Исторически инклюзивное образование было только высшим профессиональным. В университеты и институты традиционно поступали по конкурсу, высшее профессиональное образование никогда не было всеобщим, а скорее уделом относительного меньшинства (правда, отношение этого меньшинства к большинству исторически меняется в пользу более образованного меньшинства). Инвалидов в вузы принимали, но это всегда было весьма редким исключением из общего правила, согласно которому в вузы поступали в основном здоровые люди.
Специальные вузы-интернаты для инвалидов появились только в XX веке, – например, Институт искусств для инвалидов в Москве. Кроме того, существуют специальные потоки для инвалидов в рамках обычных вузов для здоровых, – например, в Бауманском Университете (Россия) и в Рочестерском Институте (США) потоки для глухих.
В 70-е годы XX века четверо слепоглухих студентов на факультете психологии МГУ тоже были, по сути, отдельным потоком. Попытка их совместного со зрячеслышащими студентами обучения блистательно провалилась в первые же два месяца эксперимента, и пришлось перейти на отдельное обучение: запись лекций на магнитофон с последующей расшифровкой по Брайлю; перепечатка вручную – на брайлевских машинках – специальной литературы; отдельные занятия с приходившими к слепоглухим студентам преподавателями посредством специального устройства, – телетактора, – позволявшего одному преподавателю обращаться одновременно ко всем четырём. Иногда с использованием телетактора принимались и экзамены, но в основном экзамены и зачёты слепоглухие студенты сдавали в общем порядке, то есть приезжали на факультет, брали билеты из общей кучи, помощники диктовали им содержание билетов, которое они записывали от руки по Брайлю, а затем готовились – мобилизовывали всё, что могли сказать по содержанию билетов, – и отвечали экзаменационной комиссии. При этом, конечно, никаких контактов со здоровыми студентами не могло быть: они тоже сдавали экзамены, тем и другим было не друг до друга.
Жили слепоглухие студенты не в общежитии, а в экспериментальной школе-интернате для глухих. Это обстоятельство тоже, конечно, не способствовало контактам со здоровыми студентами. Условия для таких контактов возникали только в студенческом профилактории МГУ, где, благодаря куратору Л.Ф.Обуховой, начиная с третьего курса, слепоглухие студенты сдавали зимние и летние сессии. В профилактории возникали знакомства с некоторыми – очень некоторыми – зрячеслышащими студентами. В основном и там слепоглухие оставались в изоляции.

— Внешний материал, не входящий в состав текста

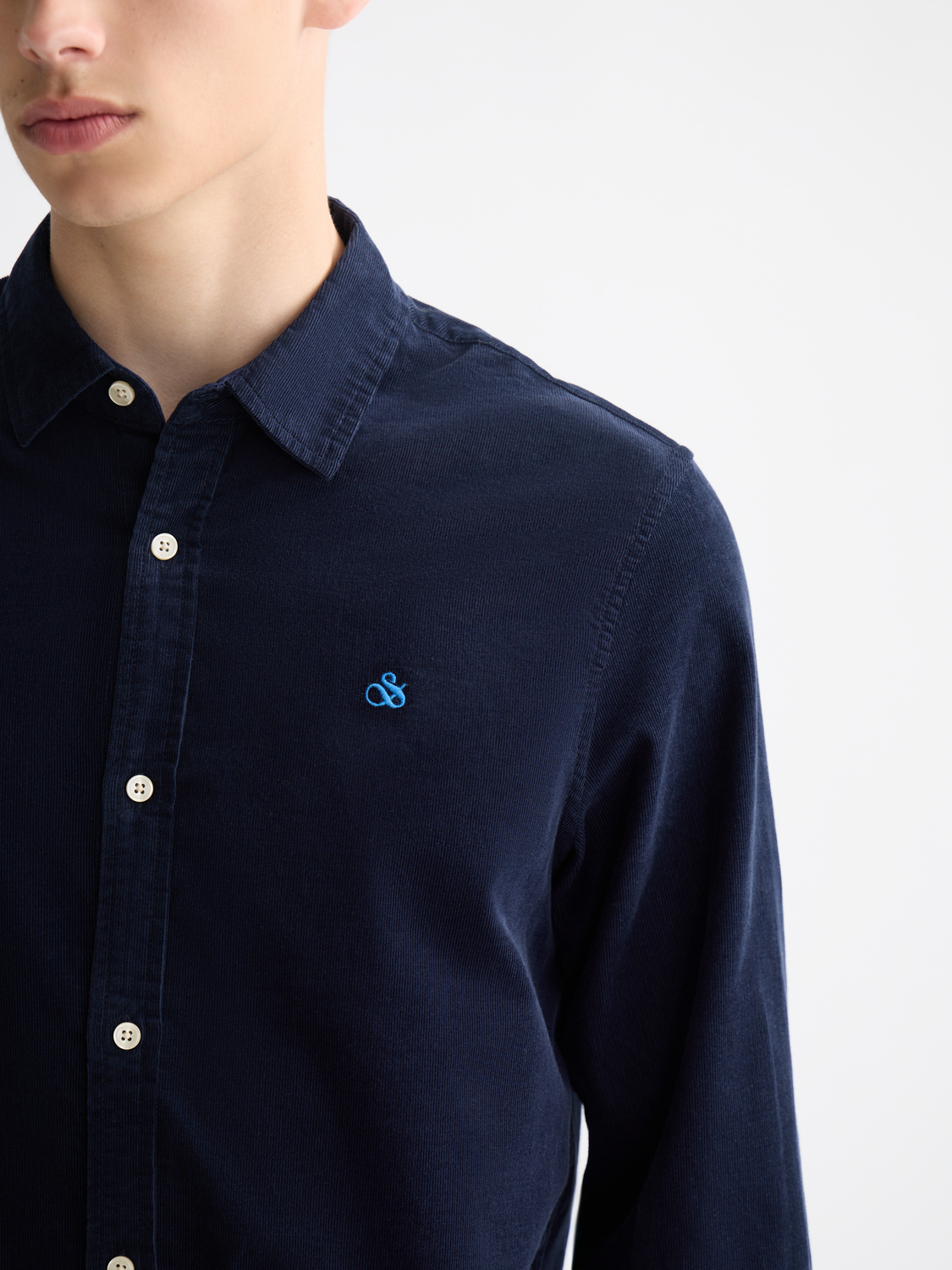 Long-sleeve Scotch & Soda corduroy shirt in a stylish design, showing the textured fabric and button details.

В том виде, в каком его подают энтузиасты-популисты, понятие «инклюзии» весьма расплывчато. Фактически, речь идёт о включении более больных детей в учебный процесс менее больных, дабы они между собой дружили. И вообще учились жить среди других людей, – и более, и менее здоровых, – в диких общественных джунглях, а не в особой инвалидной теплице-резервации.
Я этих «джунглей» на всю жизнь наелся ещё в младшем школьном возрасте, в школе слепых, где получил начальное образование. Слух резко ухудшился летом, когда я перешёл из второго класса в третий. Но и до этого – и без этого, то есть без потери слуха, – отношения мои с одноклассниками оставляли желать много лучшего. Я был изгоем в детских джунглях, – неважно, что «джунгли» состояли из слепых и слабовидящих, а не здоровых, детей. Отношения между нами были самые враждебные. Какое уж тут «включение», то бишь, какая уж там «инклюзия»! Я никуда не «включился» – наоборот, отовсюду «выпал».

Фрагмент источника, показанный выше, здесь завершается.